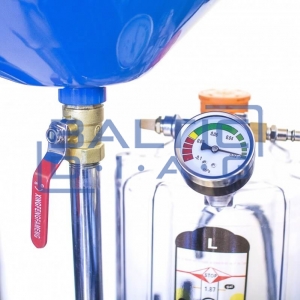 Air-operated pneumatic waste oil drainer with plastic cover, Castex 80l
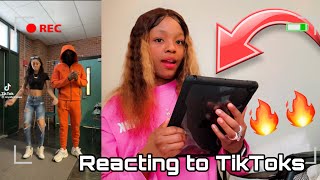 Reacting to random TikToks🔥🔥🔥🔥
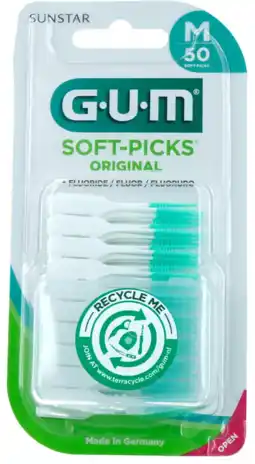 De Online Drogist Gum soft picks original medium 50 st 50st aanbieding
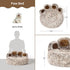 Jiupety Pet Round Paw Shape Bed, Calming Donut Dog Bed for Medium and Small Dogs, Machine Washable, Gray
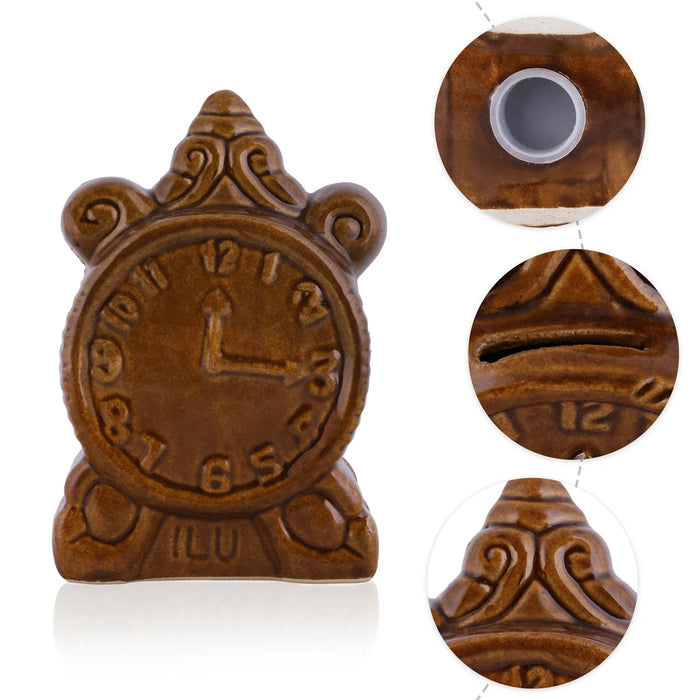 Undiyal - 7 x 4 Inches | Ceramic Coin Bank/ Money Saving Bank/ Mitti Gullak for Kids & Home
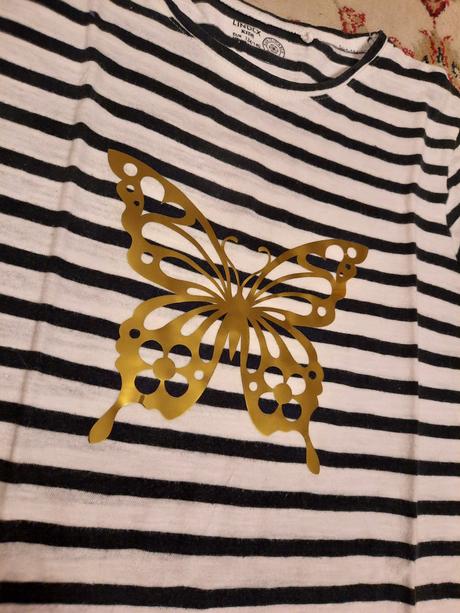 Tričko s motýlem, lindex,134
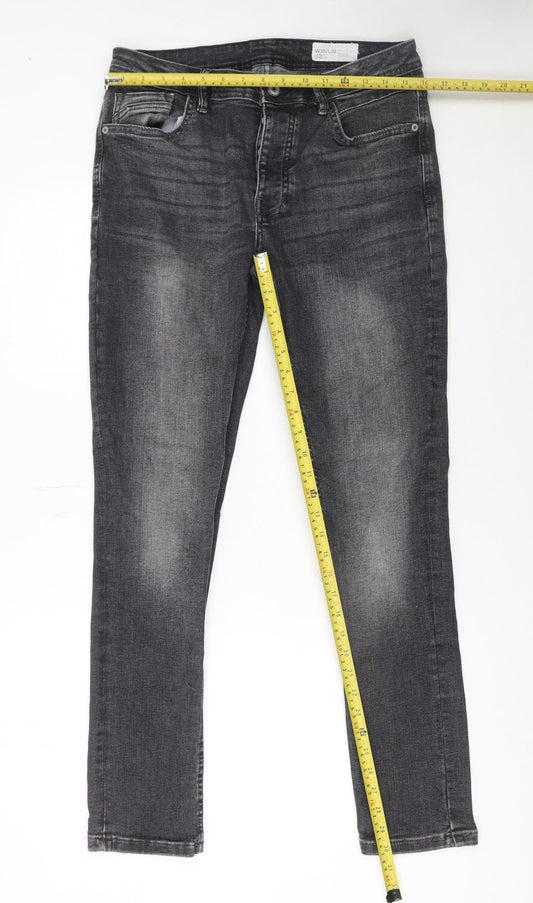 Denim Co. Men's Grey Skinny Stretch Jeans W38 L32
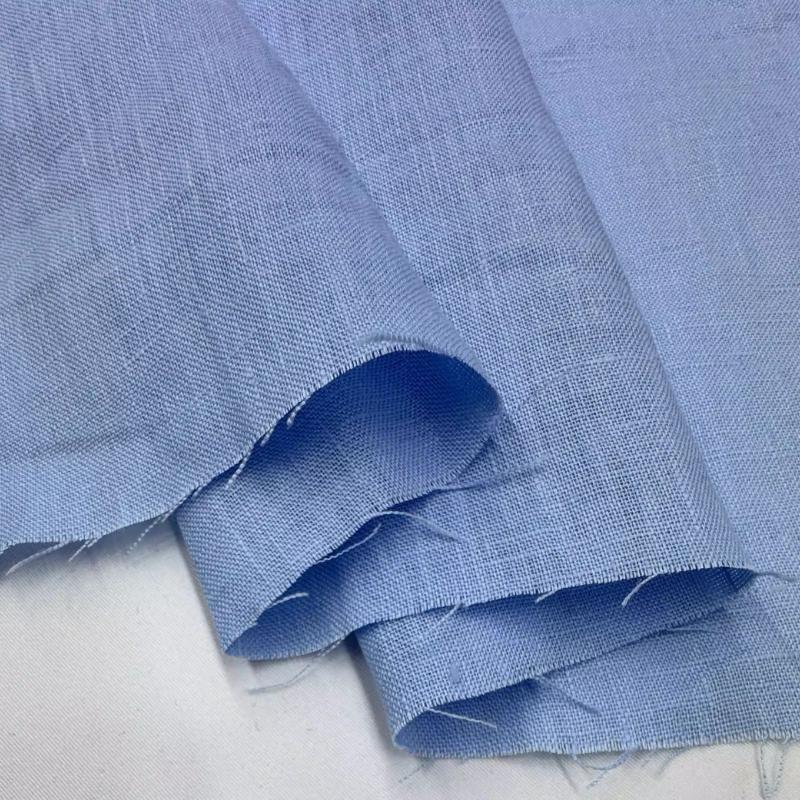 Чистая льняная ткань Стиранный лен Комфортная дышащая ткань для весны и лета DIY Платье Широкие брюки Легкая куртка Одежда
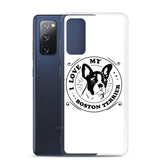 I Love My Boston Terrier Samsung Phone Case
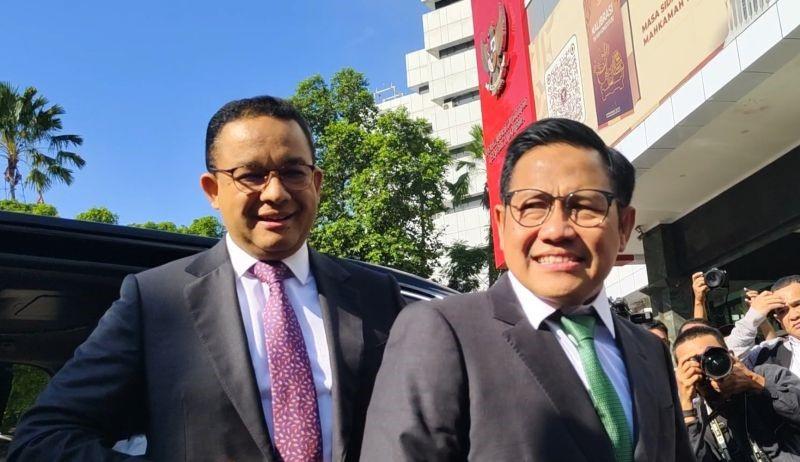 Begini Detik-Detik Anies-Muhaimin dan Ganjar-Mahfud Tiba di MK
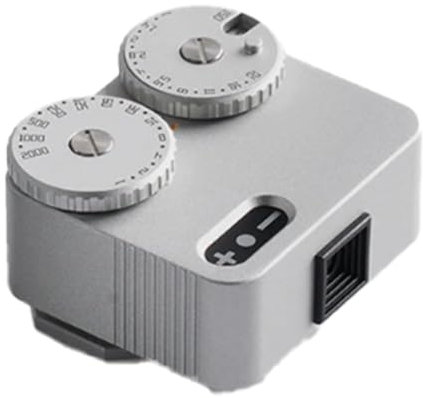 Light Meter II Chaussure froide pour appareil photo reflex numérique, photomètre, 12 vitesses d'obturation, accessoires photo (argenté)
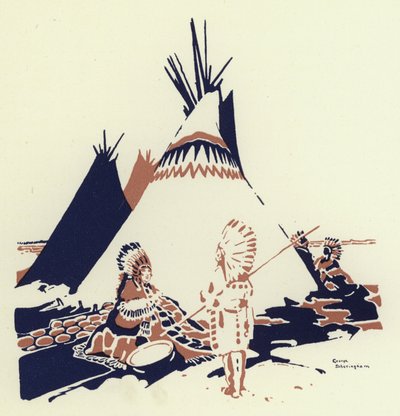 Also zogen sie Lose, um zu sehen, wer ihn im Wald suchen sollte von George Sheringham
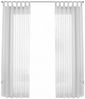 2er-Pack Gardinen Transparent Vorhang Set Wohnzimmer Voile Schlaufenschal mit Bleibandabschluß HxB 225x140 cm Weiß, 61000CN Bild 2
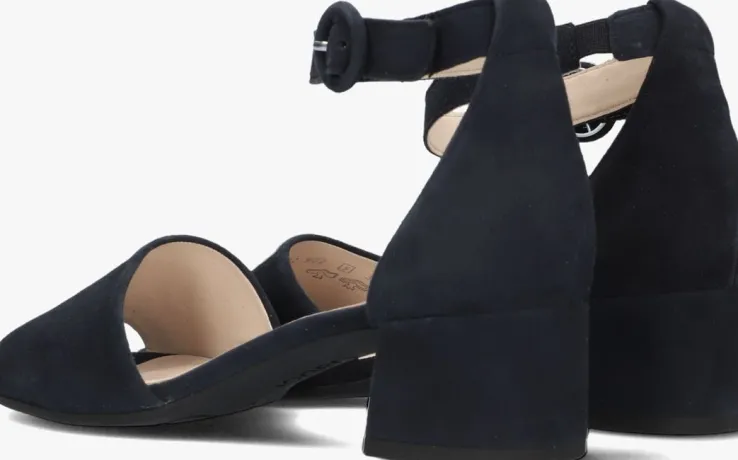 blauwe gabor sandalen met hak 902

• ASSIGNMENT:
Everything from the first line of the entries through the line that contains "Чистая льняная ткань" is to be reproduced exactly, except the pictures.

• RESPONSE AREA:
 Air-operated pneumatic waste oil drainer with plastic cover, Castex 80l
 Reacting to random TikToks🔥🔥🔥🔥
 De Online Drogist Gum soft picks original medium 50 st 50st aanbieding
 Jiupety Pet Round Paw Shape Bed, Calming Donut Dog Bed for Medium and Small Dogs, Machine Washable, Gray
 Undiyal - 7 x 4 Inches | Ceramic Coin Bank/ Money Saving Bank/ Mitti Gullak for Kids & Home
 Tričko s motýlem, lindex,134
 Denim Co. Men's Grey Skinny Stretch Jeans W38 L32
 Чистая льняная ткань Стиранный лен Комфортная дышащая ткань для весны и лета DIY Платье Широкие брюки Легкая куртка Одежда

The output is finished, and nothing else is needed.